Scripture Reference: Galatians 6:11-14
The Cross – A Sign of Our Hope of Heaven
Third, the cross is a sign and an emblem of our atonement and our salvation, our hope of glory. Christ died. How did He die? Why did He die? Did He die like Socrates, drinking the hemlock, a martyr to philosophical truth? Did He die like Julius Caesar, a hero in the senate before the cruel daggers of Brutus and Cassius? Did He die like the Agamemnon in Aeschylus carrying out the heroic assignment of the Greek nation against the Trojans? Did He die like Shakespeare’s tragedy of King Lear? Did He die like Abraham Lincoln under the assassin’s bullet in Ford’s Theater in Washington? How did He die?
We know from the Word that there is a divine meaning in the death of Christ. This is God’s plan for our salvation. There is no pardon and peace apart from atonement. There is no remission of sins apart from the shedding of blood (Hebrews 9:22), and there is no reconciliation without the payment of death. This is our atonement, our propitiation, our sacrifice for sin. This is our means of reconciliation to God. The cross to the Apostle Paul and to us is the same thing as the brazen serpent raised in the wilderness was to Moses and the children of Israel. It is a sign of universal love, mercy, forgiveness, and healing from the hands of God.

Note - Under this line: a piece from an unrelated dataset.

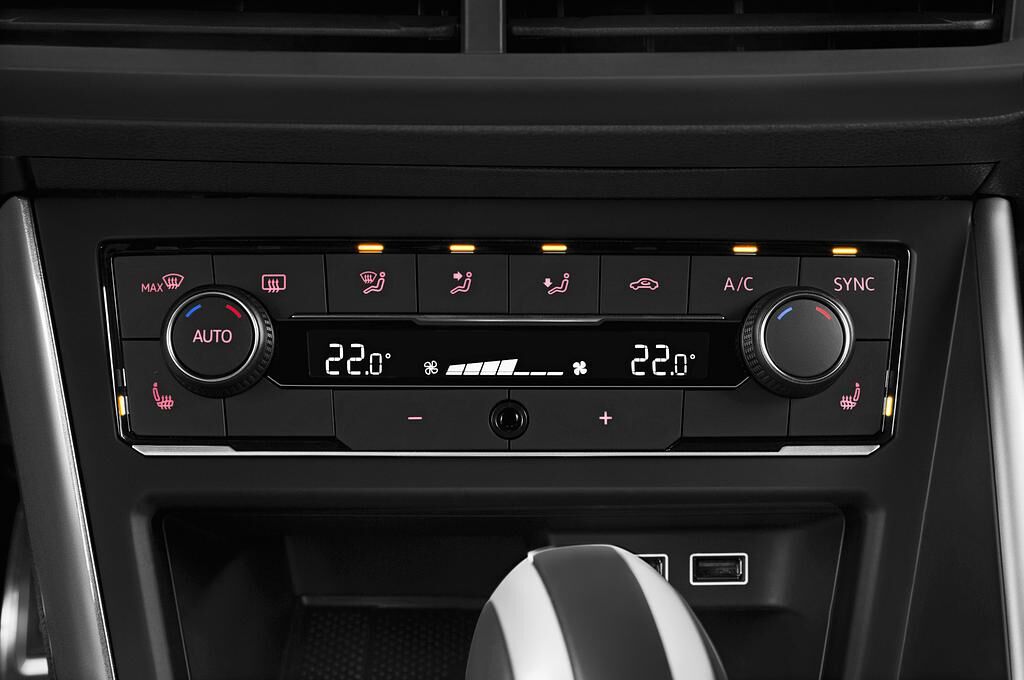 Volkswagen Polo (Baujahr 2018) GTI 5 Türen Temperatur und Klimaanlage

The cross is a sign of our atonement. It is a sign of our forgiveness, once and for all. It is a sign of God’s inviting love, His invitation to pardon and forgiveness. It is an invitation to life. The cross has an upraised beam. Raised toward the sky, it points toward God in Heaven. It has a lower part that touches the earth. God, reaching out His loving hand, extends it down even to us. It has crossarms and they go in either direction as far as the East goes East and as far as the West goes West (Psalm 103:12). The arms of the cross are extended to the limits of the earth. It is the open invitation to all men everywhere to find life, liberty, forgiveness, mercy, and salvation in the atoning love, sobs, tears, suffering death of the Son of God. We are all welcome.
The arms of the cross extend to all mankind, to the Greek and to the Barbarian, to the Roman and to the unsophisticated, to the Jew and to the Greek, to the bond and to the free, to the lettered and to the unlearned, to the rich and to the poor, to the wise and to the unwise, to the old and to the young, to the near and to those who are far off, to the good and to the not so good, to all of us does God extend wide His invitation. The world could never be the same again because our Lord died in it. It was this planet upon which Jesus spilled His sacred blood.